**Short text fragments from websites**
·····

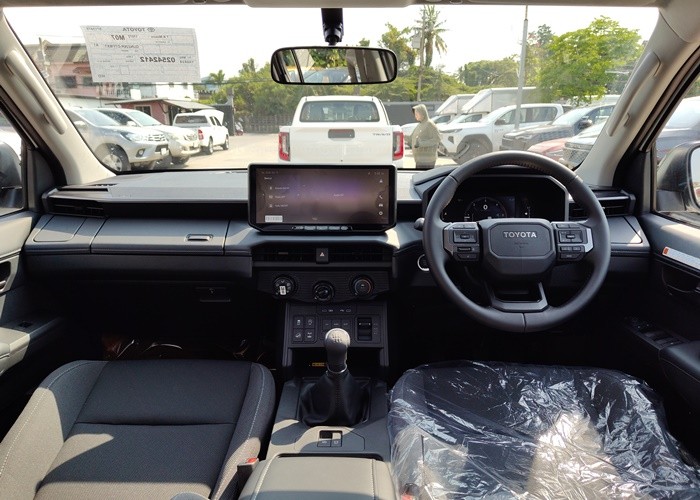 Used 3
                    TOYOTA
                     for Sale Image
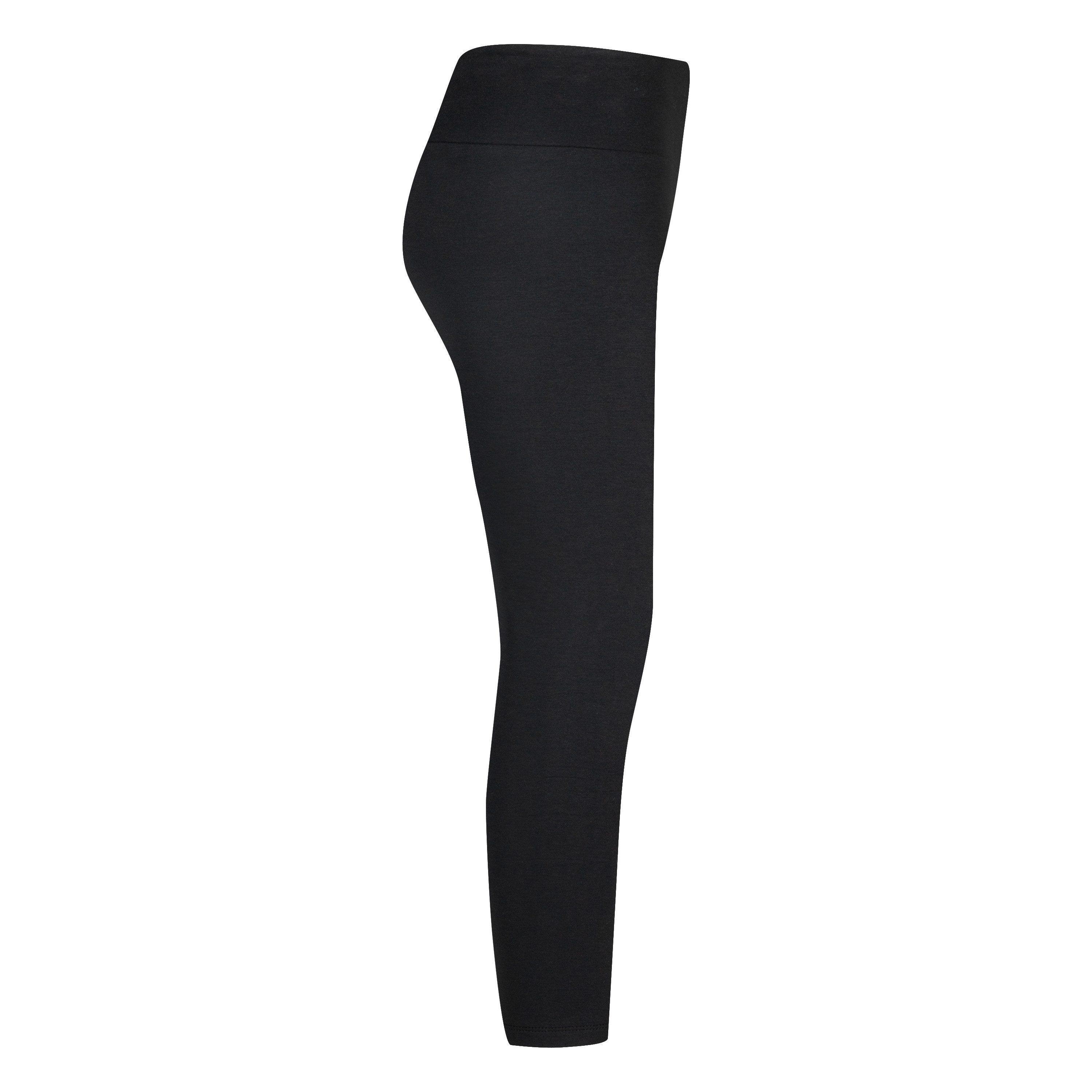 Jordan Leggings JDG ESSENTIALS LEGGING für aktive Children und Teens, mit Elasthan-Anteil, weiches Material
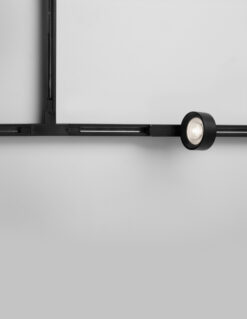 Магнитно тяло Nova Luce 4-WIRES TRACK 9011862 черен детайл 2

·····

**REQUIRED WORK**
Please leave out the pictures while you copy exactly the lines from the one containing "for Sale Image" through the end of the records.

**RESULT**
                     for Sale Image
 Jordan Leggings JDG ESSENTIALS LEGGING für aktive Children und Teens, mit Elasthan-Anteil, weiches Material
 Магнитно тяло Nova Luce 4-WIRES TRACK 9011862 черен детайл 2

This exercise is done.